Problem description: The whole listing that follows is to be restated word for word, images excluded.

Recorded information:
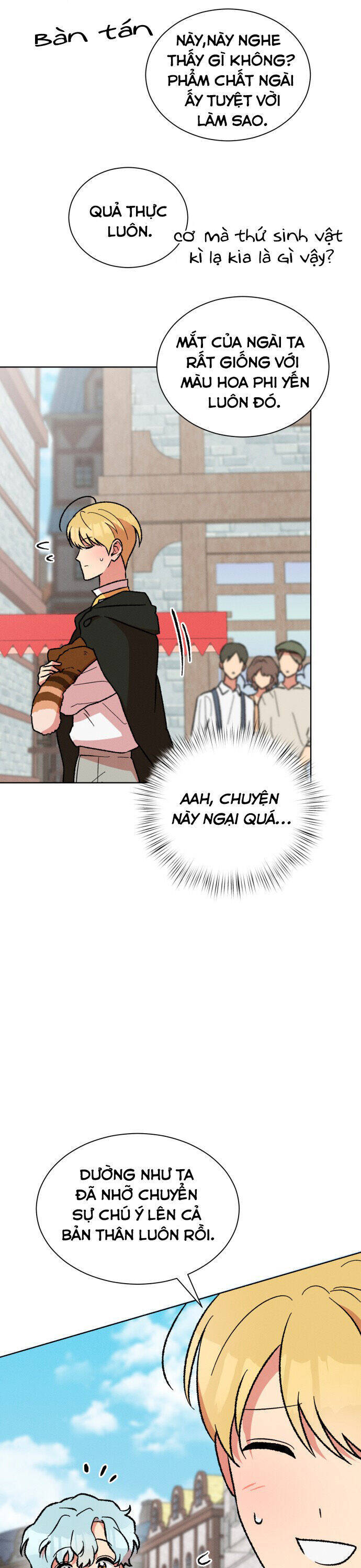 Nam Thứ Đình Công Thì Phải Làm Sao?! Chapter 30 - Trang 2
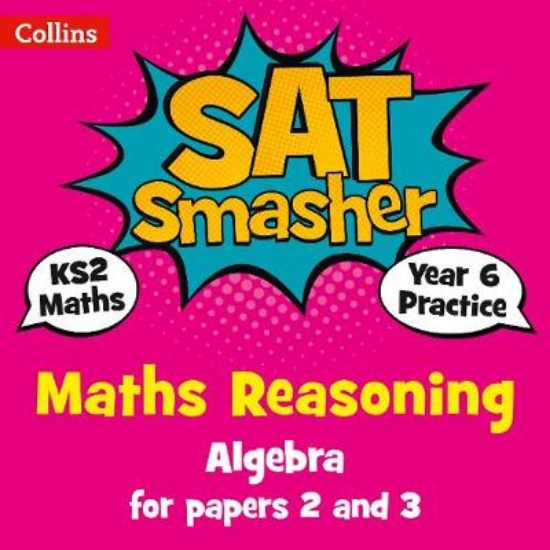 Picture of Year 6 Maths Reasoning - Algebra for papers 2 and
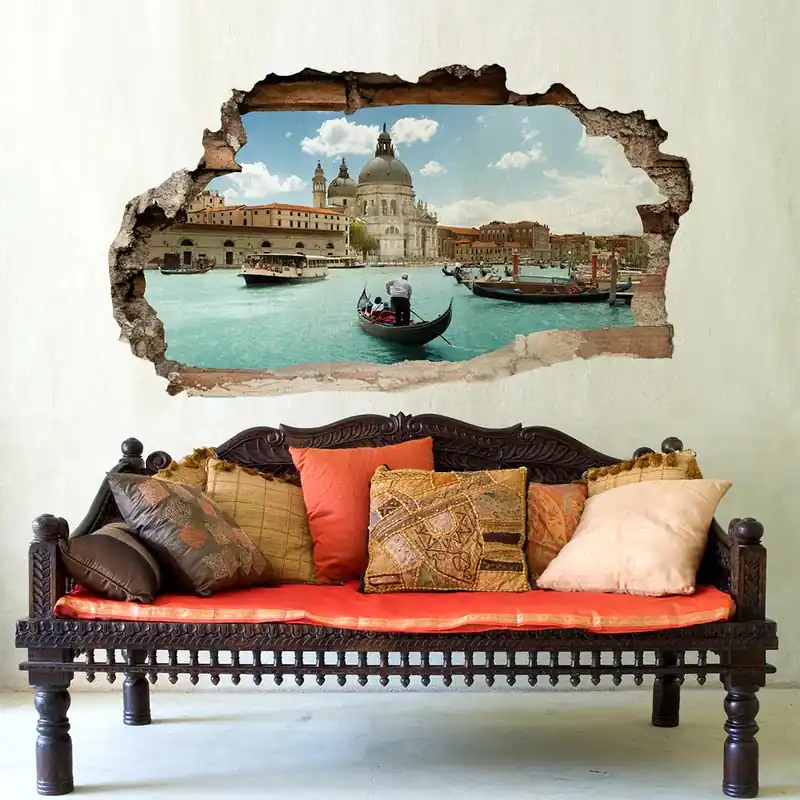 Venezia 3D Gratis Retour
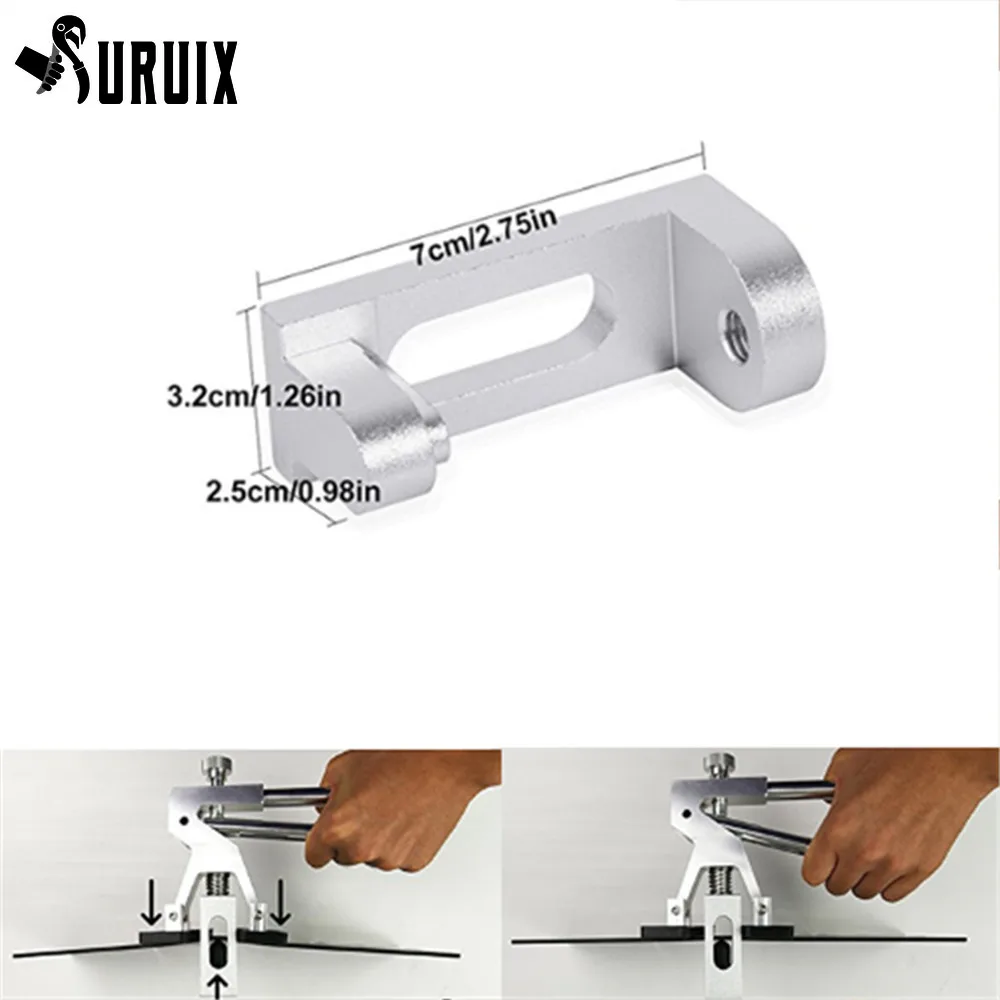 

Tools Door Edge Dents Remover Car Fender Dent Repair Wheel Eyebrow Dent Repair Tools Black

Task answer:
 Nam Thứ Đình Công Thì Phải Làm Sao?! Chapter 30 - Trang 2
 Picture of Year 6 Maths Reasoning - Algebra for papers 2 and
 Venezia 3D Gratis Retour

Tools Door Edge Dents Remover Car Fender Dent Repair Wheel Eyebrow Dent Repair Tools Black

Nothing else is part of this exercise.